ティルのノラネコの呑んで観るシネマのレビュー・感想・評価

ティル(2022年製作の映画)
4.5
1955年の夏、シカゴに住む14歳の黒人少年エメット・ティルが、親戚を訪ねた先のミシシッピで白人にリンチの末惨殺される。
理由は白人女性に向かって口笛を吹いたから。
凄惨な暴行の痕跡が残る遺体を見た母のメイミーは、世界を変えるべく行動を起こす。
映画の前半は事件の顛末で、後半が裁判劇。
実話ベースだが、公民権運動に重大な影響を与えた有名な事件だし、この時代の南部で起こったことなので、観る前から結論は分かっている。

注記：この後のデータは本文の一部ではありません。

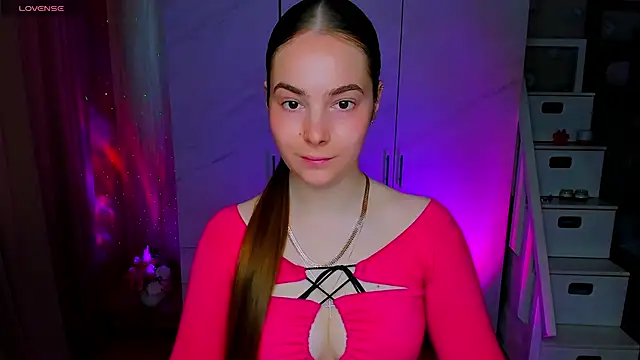 Maddy Wood  online show from 05-19-26, 09:27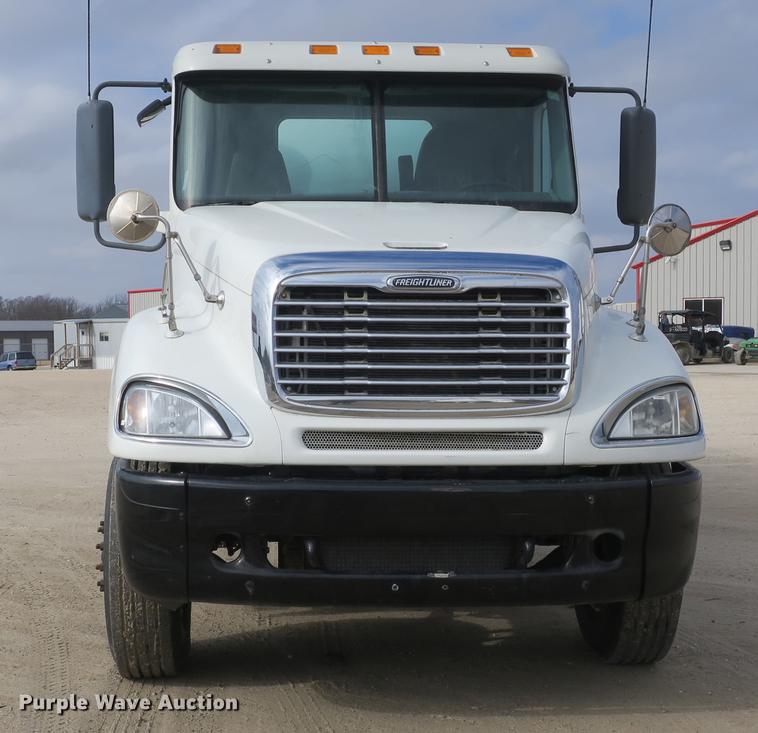 image for item DB8904 2007 Freightliner CL120 vacuum truck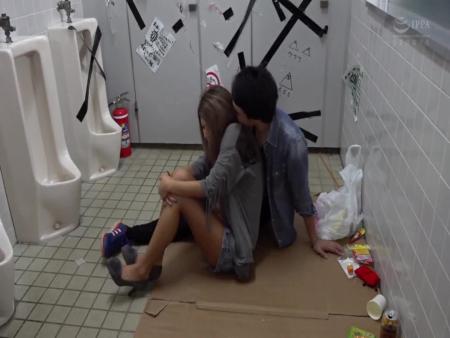 「ヤヴァィ！ヤバい！逝っちゃうッテ！」泥酔したガチギャルを公衆トイレに連れ込んで強制中出し盗撮 iQoo free on - Ero Video 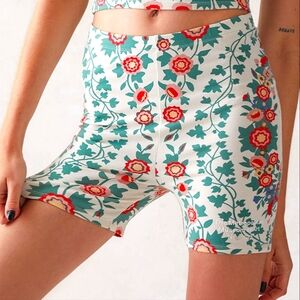 The Met x PacSun Floral Printed Biker Shorts,Medium, Multicolor.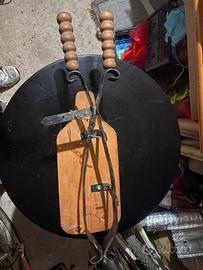 Strumento per tenere il prosciutto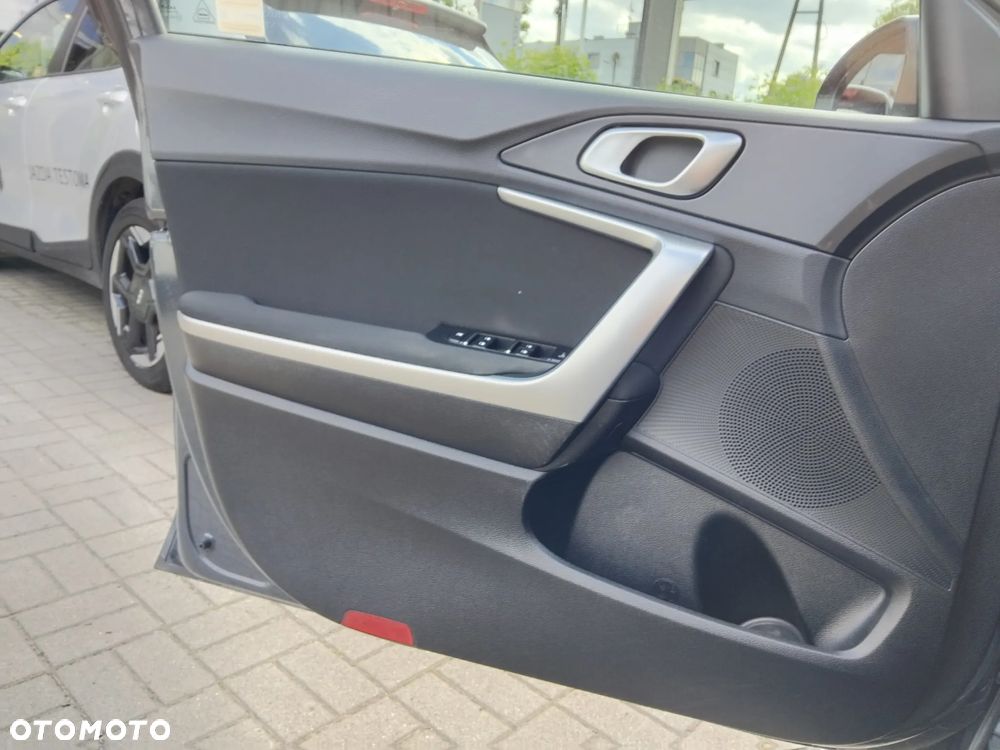 Kia Ceed 1.5 T-GDI M - 17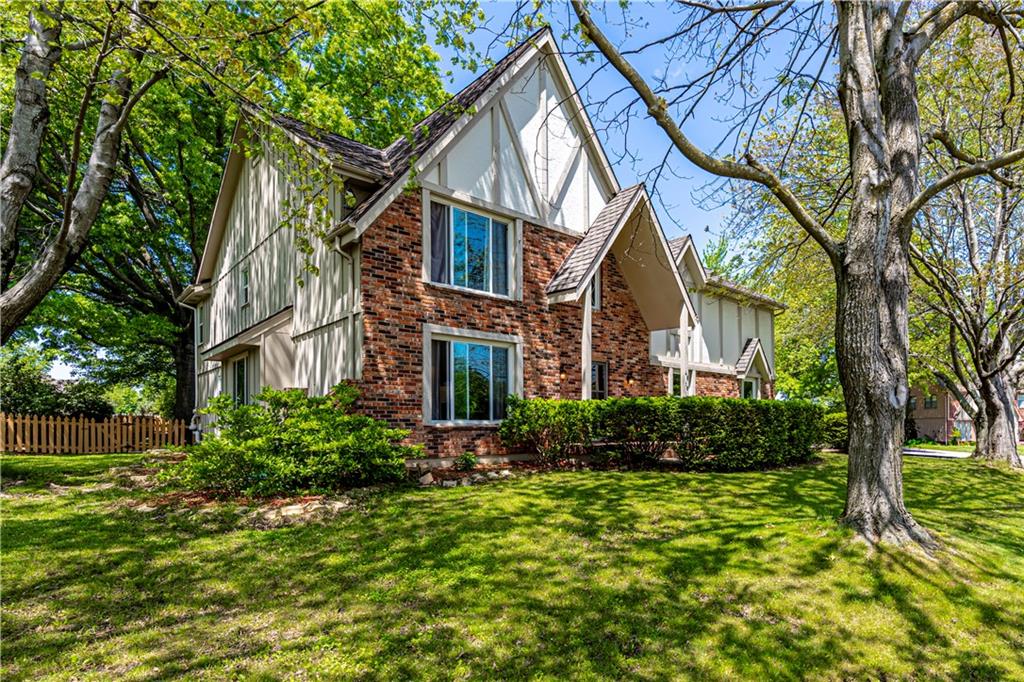 4616 NW Bramble Trail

とにかく理不尽な出来事が次々と起こり、それが全く何も正されない状況にストレス指数MAX。
出来れば、精神的に元気な時に鑑賞した方がいい。
アメリカの歴史は、保守とリベラルの間を揺れ動く振り子だと言われる。
この時代の様な制度的な差別は減少したが、あの手この手で差別構造を固定化しようとする力は、今も働いている。
アフタートランプの現在から見ると、振り子を元に戻さない努力が必要なことがよく分かる。
メイミー役のダニエル・デッドワイラーが出ずっぱりの大熱演だが、プロデューサーでもあるウーピー・ゴールドバーグが、メイミーの母親役で強い印象を残す。
出演時間はわずかなのに、さすがだな。